D’abord, de l’obscurité. Lia Rodrigues joue avec la patience du public. Dans ce noir épais, un frémissement presque imperceptible se distingue, grâce à nos yeux désormais habitués à scruter la pénombre. Peu à peu, depuis une masse indistincte de textures et de matières, des formes commencent à émerger, dans un silence absolu. L’effet est saisissant : sans que l’on s’en rende compte, la matière se métamorphose. Les silhouettes se redressent, nous observent, immobiles. Des visages expressifs surgissent, fixant l’audience avec une intensité troublante. Est-ce la pile de vêtements abandonnés sur une chaise qui s’anime la nuit, dans la demi-conscience du sommeil ? Ou bien des voyageur-euses nomades portant leurs biens à travers un désert ? L’ambiguïté ouvre la voie à une lecture onirique infinie.
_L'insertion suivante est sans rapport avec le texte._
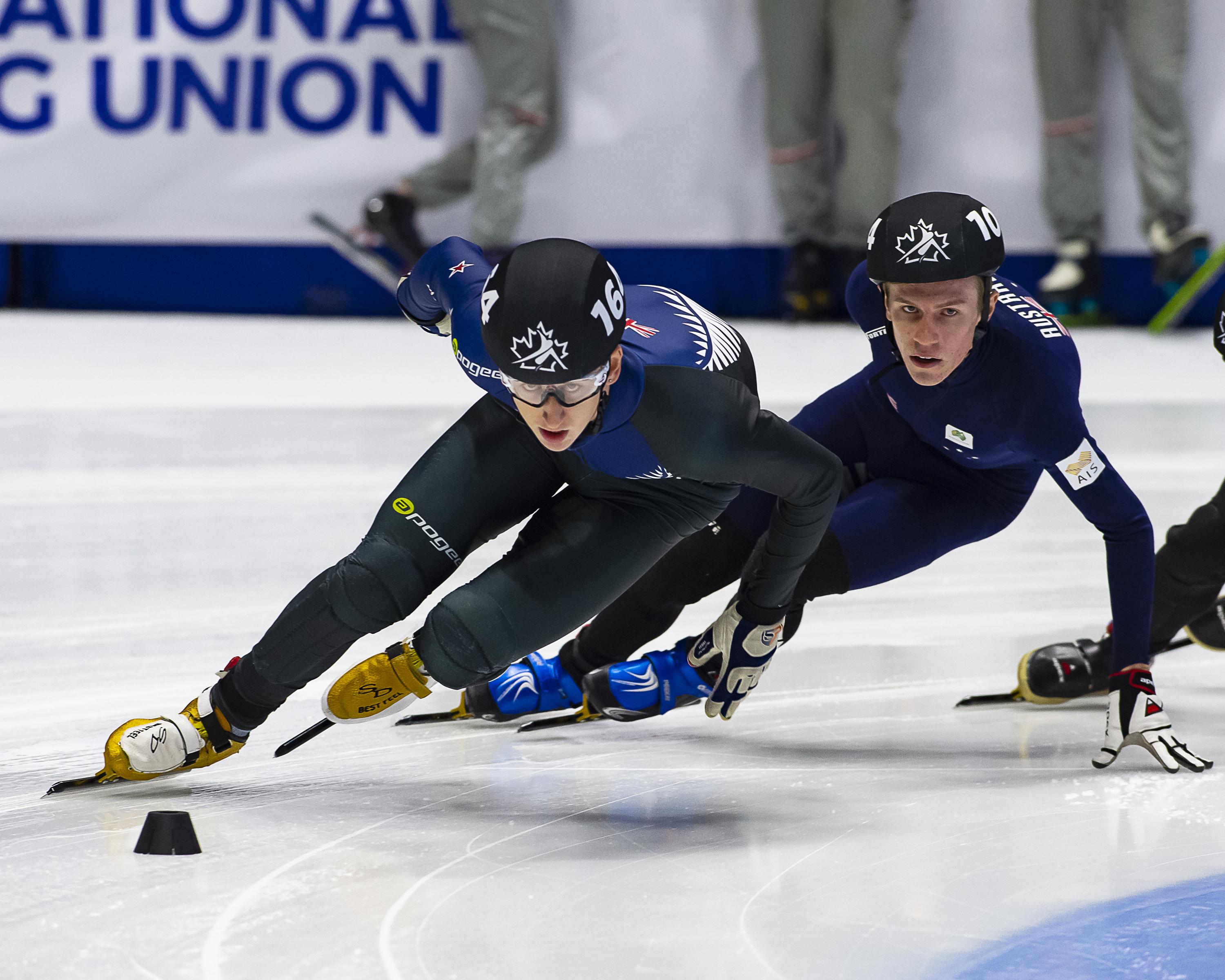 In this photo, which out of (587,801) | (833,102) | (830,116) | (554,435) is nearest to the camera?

De ce magma initial se déploient des tableaux mouvants, d’une lenteur minutieusement contrôlée. Les neuf interprètes (Leonardo Nunes, Valentina Fittipaldi, Andrey da Silva, David Abreu, Raquel Alexandre,Daline Ribeiro, João Alves, Cayo Almeida, Vitor de Abreu) glissent d’un tableau à l’autre, empruntant au registre du bouffon : grimaces, postures outrées, visages déformés, provoquant les rires du public. Puis surgissent d’autres images, aux accents bibliques : chaque interprète semble incarner une parabole, une histoire singulière. La blancheur première se dissout alors dans un éclat de couleurs, de paillettes, de singularités revendiquées avec fierté. Les transitions scéniques et vestimentaires, d’une fluidité magistrale, donnent l’impression d’un flux continu, sans couture, où chaque état en contient déjà un autre, en gestation.
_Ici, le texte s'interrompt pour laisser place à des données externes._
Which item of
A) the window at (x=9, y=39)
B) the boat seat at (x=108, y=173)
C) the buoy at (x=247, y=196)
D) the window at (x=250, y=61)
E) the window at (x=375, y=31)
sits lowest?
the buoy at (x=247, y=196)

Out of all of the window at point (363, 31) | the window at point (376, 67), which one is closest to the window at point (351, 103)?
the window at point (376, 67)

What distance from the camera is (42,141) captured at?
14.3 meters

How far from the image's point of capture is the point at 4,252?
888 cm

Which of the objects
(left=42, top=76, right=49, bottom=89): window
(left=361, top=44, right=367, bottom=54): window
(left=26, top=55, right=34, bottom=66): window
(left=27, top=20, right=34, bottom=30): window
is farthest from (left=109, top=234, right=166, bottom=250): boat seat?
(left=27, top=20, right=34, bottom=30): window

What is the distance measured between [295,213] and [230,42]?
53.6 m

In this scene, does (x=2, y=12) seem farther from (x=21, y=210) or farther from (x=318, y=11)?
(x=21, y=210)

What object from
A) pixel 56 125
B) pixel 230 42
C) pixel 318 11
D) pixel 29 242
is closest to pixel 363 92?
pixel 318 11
Cette esthétique du passage et de la transformation est au cœur de la démarche de Lia Rodrigues. Depuis ses débuts dans les années 1970, à São Paulo, où elle fonde le groupe Andança, jusqu’à son travail avec la chorégraphe Maguy Marin en France, la chorégraphe a toujours exploré les seuils : entre le visible et l’invisible, le politique et le poétique, le populaire et l’érudit. En 1990, elle fonde sa compagnie à Rio de Janeiro, puis crée le Festival Panorama, qui devient une référence de la danse contemporaine au Brésil. Mais c’est surtout son engagement, depuis 2004, dans la favela de Maré, qui définit son geste artistique : faire du théâtre et de la danse des outils de transformation sociale. Le Centro de Artes da Maré et l’Escola Livre de Danças, qu’elle a contribués à fonder, incarnent ce dialogue entre création et éducation, entre esthétique et politique.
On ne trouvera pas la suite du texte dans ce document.